# Exact Equation, reviewing for an exam, did I do this one right?

1. Feb 26, 2006

### mr_coffee

Hello everyone, its exam time so i'm just reviewing all the different techniques for Diff EQ and i hit an exact diff EQ problem and i was just wondering if someone can check to see if i did it right. HEre it is:
Directions are find a relationships between x and y of the form f(x,y) = c.
http://suprfile.com/src/1/27rafy/lastscan.jpg [Broken]

Thanks!

Last edited by a moderator: May 2, 2017
2. Feb 26, 2006

### quasar987

Yes, except for the line $\Psi(x,y) = \int Mdx$ which should read $\Psi(x,y) = \int Mdx + h(y)$, it's good. But in an exam, you might want to explain what and why you do these things more.

3. Feb 26, 2006

### mr_coffee

Awesome thanks quasar

4. Feb 27, 2006

### HallsofIvy

On the contrary, a lot of what you have written is non-sense!

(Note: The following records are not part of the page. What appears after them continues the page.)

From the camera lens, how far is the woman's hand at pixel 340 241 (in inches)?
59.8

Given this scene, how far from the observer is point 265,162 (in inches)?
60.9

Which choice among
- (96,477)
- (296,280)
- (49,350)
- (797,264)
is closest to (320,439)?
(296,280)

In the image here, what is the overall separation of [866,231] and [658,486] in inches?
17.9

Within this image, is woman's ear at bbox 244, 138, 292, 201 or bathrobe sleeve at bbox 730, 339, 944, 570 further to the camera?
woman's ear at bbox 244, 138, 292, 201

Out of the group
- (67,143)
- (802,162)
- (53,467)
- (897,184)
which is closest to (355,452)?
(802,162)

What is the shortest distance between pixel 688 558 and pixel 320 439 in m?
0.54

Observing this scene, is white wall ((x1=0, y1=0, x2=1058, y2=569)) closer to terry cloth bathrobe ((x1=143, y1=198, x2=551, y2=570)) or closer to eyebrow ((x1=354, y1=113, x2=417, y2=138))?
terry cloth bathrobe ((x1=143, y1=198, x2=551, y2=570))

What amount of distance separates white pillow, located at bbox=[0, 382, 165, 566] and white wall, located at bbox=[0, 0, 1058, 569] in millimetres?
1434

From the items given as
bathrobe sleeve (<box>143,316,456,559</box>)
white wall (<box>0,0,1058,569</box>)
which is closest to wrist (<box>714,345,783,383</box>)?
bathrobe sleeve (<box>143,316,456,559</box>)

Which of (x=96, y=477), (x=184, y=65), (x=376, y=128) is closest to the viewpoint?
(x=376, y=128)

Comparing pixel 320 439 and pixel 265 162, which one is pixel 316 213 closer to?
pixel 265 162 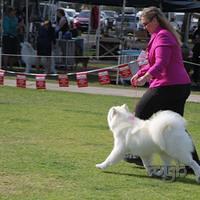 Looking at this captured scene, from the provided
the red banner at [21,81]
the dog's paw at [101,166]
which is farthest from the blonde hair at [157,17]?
the red banner at [21,81]

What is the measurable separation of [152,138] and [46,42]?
529 inches

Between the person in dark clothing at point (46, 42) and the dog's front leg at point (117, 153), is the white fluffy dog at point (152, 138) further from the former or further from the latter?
the person in dark clothing at point (46, 42)

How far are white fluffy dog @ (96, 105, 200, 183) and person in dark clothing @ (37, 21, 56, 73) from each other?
12875 millimetres

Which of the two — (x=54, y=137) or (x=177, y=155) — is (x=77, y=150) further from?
(x=177, y=155)

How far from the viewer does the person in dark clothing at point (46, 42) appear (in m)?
19.4

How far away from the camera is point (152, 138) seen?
6402 mm

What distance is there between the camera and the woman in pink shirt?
21.6ft

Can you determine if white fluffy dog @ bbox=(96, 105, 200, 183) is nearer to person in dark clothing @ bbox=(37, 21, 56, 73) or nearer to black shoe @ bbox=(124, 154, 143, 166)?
black shoe @ bbox=(124, 154, 143, 166)

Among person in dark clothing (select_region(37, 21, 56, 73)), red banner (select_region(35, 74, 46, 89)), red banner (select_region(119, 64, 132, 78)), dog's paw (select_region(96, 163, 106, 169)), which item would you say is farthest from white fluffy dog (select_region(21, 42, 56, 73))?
dog's paw (select_region(96, 163, 106, 169))

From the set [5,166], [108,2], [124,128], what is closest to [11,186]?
[5,166]

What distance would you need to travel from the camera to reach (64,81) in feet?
50.4

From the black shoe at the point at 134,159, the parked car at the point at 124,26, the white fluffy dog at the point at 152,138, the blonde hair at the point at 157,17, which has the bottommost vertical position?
the parked car at the point at 124,26

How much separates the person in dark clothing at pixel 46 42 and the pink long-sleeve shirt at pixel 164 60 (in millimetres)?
12785

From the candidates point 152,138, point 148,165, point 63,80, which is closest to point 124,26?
point 63,80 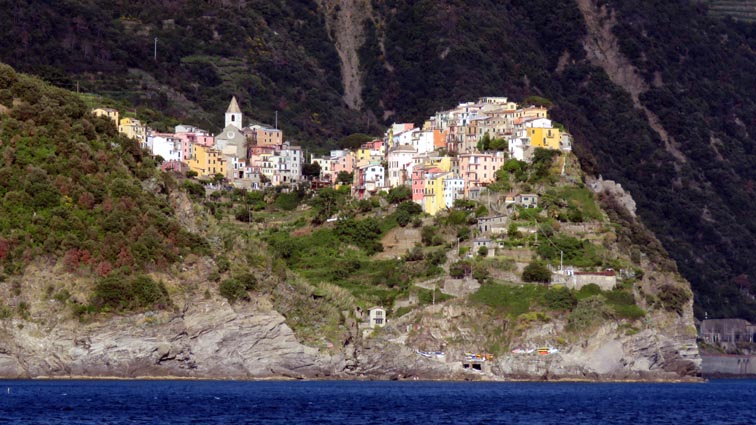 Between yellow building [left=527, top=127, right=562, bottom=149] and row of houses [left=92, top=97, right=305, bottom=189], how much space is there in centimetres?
2538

You are correct that, with $\Phi_x$= 3x2-2xy+ 2, you must have $\Phi$= x3- x2y+ 2x+ h(y). The derivative of that, with respect to y is -x2+ h'(y)
and, of course, that must equal N which is 6y2- x2+ 3, not 6y2- x3+ 3!!!

You should have seen that you copied that incorrectly: you have
-x2+ h'(y)= 6y2- x3+ 3 and then h'(y)= 6y2- x3+ x2+ 3 which is impossible: h is a function of y only!

Writing it correctly, -x2+ h'(y)= 6y2- x2+ 3, h'(y)= 6y2+ 3. The x2 terms cancel which has to happen- that's the whole point of the differential being exact!

With h'(y)= 6y2+ 3, h(y)= 2y3+ 3y and the general solution to the differential equation is
x3- x2y+ 2x+ 2y3+ 3y= Constant.

Last edited by a moderator: Feb 27, 2006
5. Feb 27, 2006

### quasar987

I didn't noticed h(y) had x terms in it!

mr_coffee, like HallsofIvy said, h(y) has to be a function of y. Why? Because if in fact there exists a function $\psi(x,y)$ such that $\partial \psi / \partial x = M$ and such that $\psi(x,y) = \int Mdx + h$, it must be that h is a function of y only because it it were a function of x too, differentiation of that last equation would give $\partial \psi / \partial x = M + \partial h(x,y) / \partial x \neq M$ which contradicts the first equation.

So verifying that h is a function of y only is always a good way to check if you've made some mistakes along the way.

6. Feb 27, 2006

### mr_coffee

Ahh thanks guys!
Here i redid it, i think its right now:
http://suprfile.com/src/1/2deull/lastscan.jpg [Broken]

Last edited by a moderator: May 2, 2017
7. Feb 28, 2006

### HallsofIvy

Yes, that is correct!